WASHINGTON (AP) — JPMorgan Chase & Co. has been ordered to take steps to correct poor risk management that led to a surprise trading loss last year of more than $6 billion.
Federal regulators also on Monday cited the bank for lapses in oversight that could allow the bank to be used for money laundering.
JPMorgan, the nation's largest bank by assets, will not pay a fine under the agreements with the Federal Reserve and the U.S. Comptroller of the Currency, a Treasury Department agency. The bank promised to strengthen its policies and procedures to control risk and to screen customers to prevent money laundering.
The regulators each issued two cease-and-desist orders against JPMorgan, a sanction that requires a bank to change its practices. They said they had found "deficiencies" in the bank's procedures for preventing money laundering, and also uncovered "unsafe or unsound practices" regarding management of risk. The orders said the regulators and other government agencies could pursue further action.

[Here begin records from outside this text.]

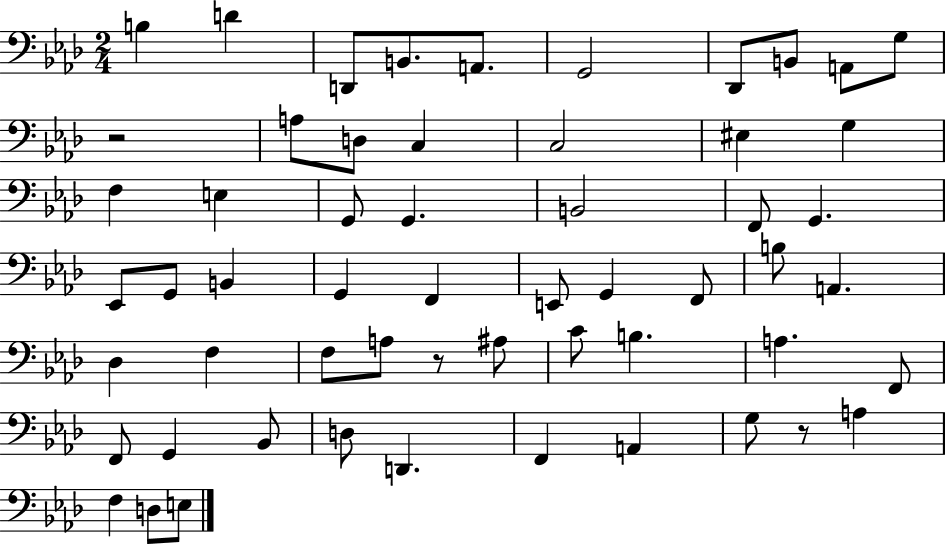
{
  \clef bass
  \numericTimeSignature
  \time 2/4
  \key aes \major
  b4 d'4 | d,8 b,8. a,8. | g,2 | des,8 b,8 a,8 g8 | \break r2 | a8 d8 c4 | c2 | eis4 g4 | \break f4 e4 | g,8 g,4. | b,2 | f,8 g,4. | \break ees,8 g,8 b,4 | g,4 f,4 | e,8 g,4 f,8 | b8 a,4. | \break des4 f4 | f8 a8 r8 ais8 | c'8 b4. | a4. f,8 | \break f,8 g,4 bes,8 | d8 d,4. | f,4 a,4 | g8 r8 a4 | \break f4 d8 e8 | \bar "|."
}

Britain's Financial Services Authority, meanwhile, said in a statement Monday that its own investigation into JPMorgan's trading loss continues.
The U.S. regulators said that the bank has committed to take "all necessary and appropriate steps" to correct the problems.
JPMorgan neither admitted nor denied the regulators' findings in agreeing to the accords.
"We've been working hard to fully remediate the issues" related to risk management, JPMorgan spokesman Mark Kornblau said. He added that the bank has also made preventing money laundering a "top priority."
In May, JPMorgan disclosed that its London office lost billions in trades designed to hedge against risk. The bank later said that some traders had tried to hide the size of the losses.
The loss, which occurred less than four years after the 2008 financial crisis, hurt the bank's reputation. JPMorgan had survived the crisis by taking fewer risks than its competitors.